Data tahun ajaran 2023/2024 mencatat, sekolah dasar negeri hanya mampu menampung 970.145 siswa, sedangkan sekolah dasar swasta menampung 173.265 siswa. Di tingkat SMP, sekolah negeri menampung 245.977 siswa, sementara swasta menampung 104.525 siswa.
“Artinya, masih banyak warga negara yang mengikuti pendidikan dasar di sekolah swasta karena tidak tersedianya ruang di sekolah negeri, dan mereka harus membayar biaya. Seharusnya tugas negara dapat memastikan bahwa anggaran pendidikan benar-benar dialokasikan secara efektif dan adil.” Ujar Enny Nurbaningsi.
Meski memperluas kewajiban negara dalam membiayai pendidikan dasar, MK tidak mutlak melarang semua sekolah swasta memungut biaya. Mahkamah memahami bahwa kemampuan fiskal negara masih terbatas dan terdapat sekolah swasta yang membiayai operasionalnya tanpa bantuan pemerintah.
Namun demikian, sekolah atau madrasah swasta yang menerima bantuan, seperti dana Bantuan Operasional Sekolah (BOS), harus menyusun skema pembiayaan yang adil dan memberi kemudahan bagi siswa, terutama di daerah yang tidak memiliki sekolah negeri atau madrasah yang dibiayai pemerintah.
“Uraian pertimbangan hukum tersebut di atas menurut Mahkamah, dalil para Pemohon yang mempersoalkan konstitusionalitas frasa ‘wajib belajar minimal pada jenjang pendidikan dasar tanpa memungut biaya’ dalam norma Pasal 34 ayat (2) UU 20/2003, yang menurut para Pemohon menimbulkan multitafsir dan diskriminasi karena hanya berlaku untuk sekolah/madrasah negeri adalah beralasan menurut hukum,” papar Enny.
Putusan ini, menurut Mahkamah, membawa konsekuen hukum harus dilakukan pergeseran paradigma fokus anggaran untuk pendidikan dasar baik negeri maupun swasta. Oleh karena itu, dalam penggunaan anggaran APBN dan APBD untuk alokasi pendidikan harusnya memprioritaskan anggaran pendidikan dasar sebagaimana termaktub dalam Pasal 31 ayat (2) dan ayat (4) UUD NRI Tahun 1945.

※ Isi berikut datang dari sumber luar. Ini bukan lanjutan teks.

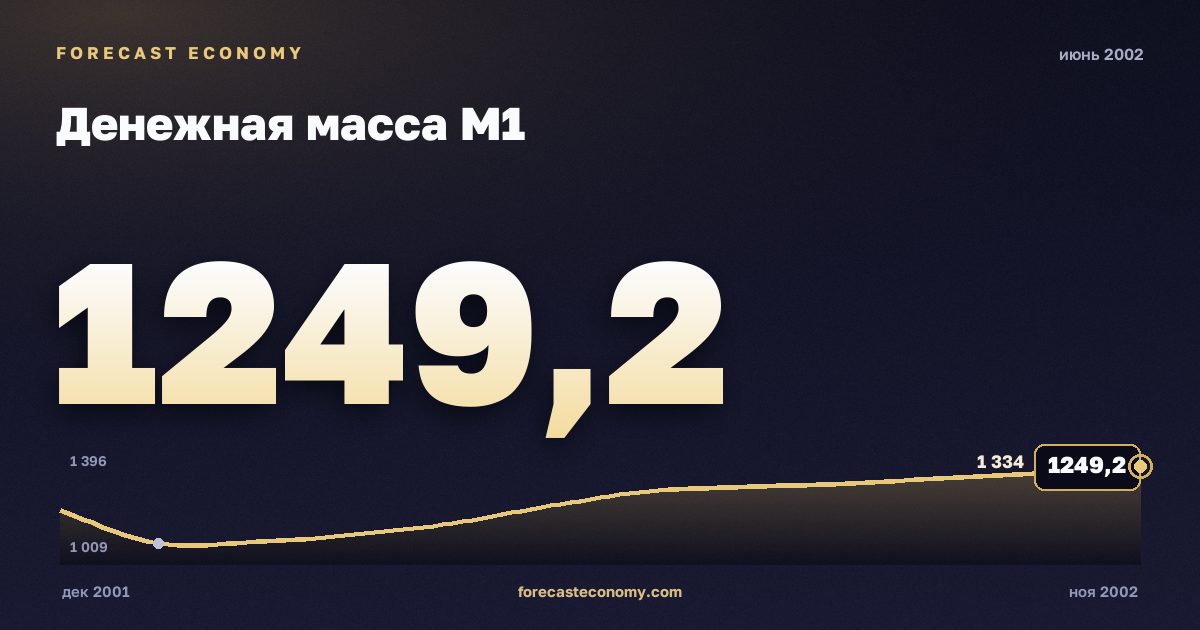Денежная масса М1 за июнь 2002 года — график со значением за месяц, источник Банк России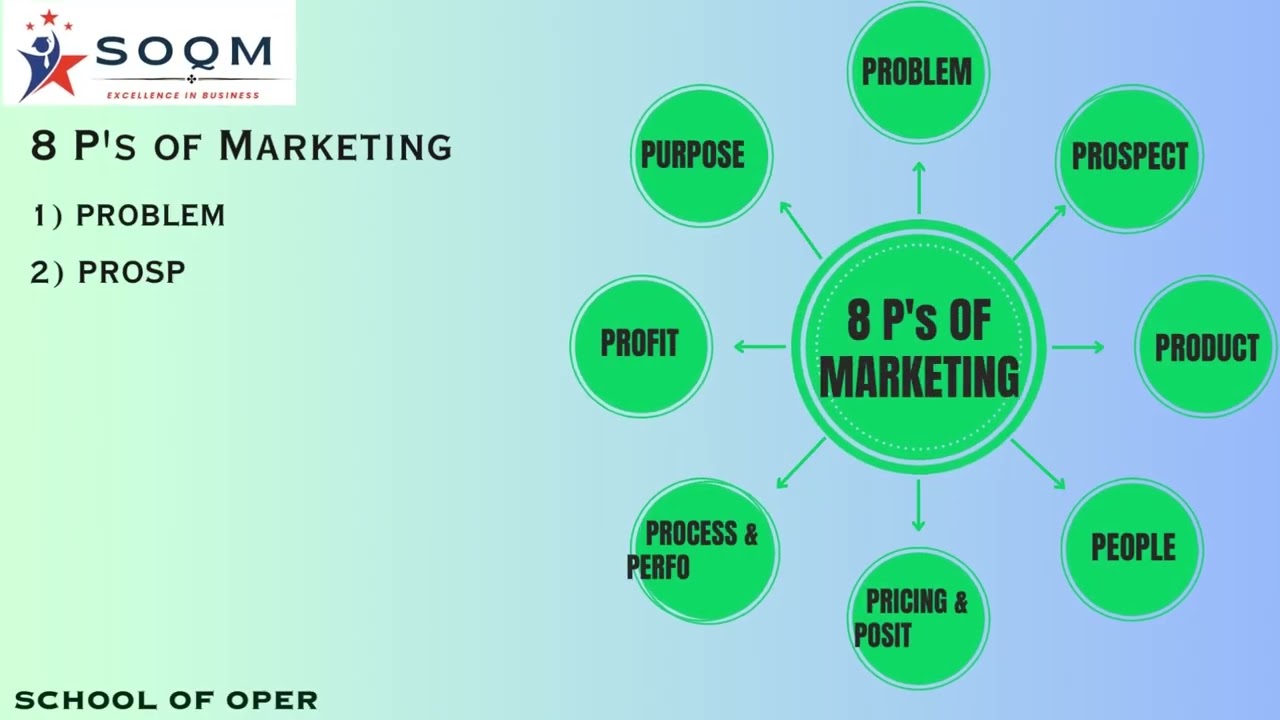 8 P's of Marketing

Mahkamah juga menyatakan bahwa hak atas pendidikan merupakan bagian dari hak ekonomi, sosial, dan budaya (ekosob), yang dapat direalisasikan secara bertahap. Dengan keputusan ini, pemerintah pusat dan daerah diharapkan segera mengeluarkan kebijakan pembiayaan dasar pendidikan yang lebih adil dan merata.
Sebagai tambahan informasi, Undang-Undang Nomor 20 Tahun 2003 tentang Sistem Pendidikan Nasional (UU Sisdiknas) diuji secara materiil ke MK. Permohonan perkara Nomor 3/PUU-XXII/2024 ini diajukan oleh Jaringan Pemantau Pendidikan Indonesia (JPPI) atau (Network Education Watch Indonesia/New Indonesia) bersama tiga Pemohon perorangan yaitu Fathiyah, Novianisa Rizkika, dan Riris Risma Anjiningrum.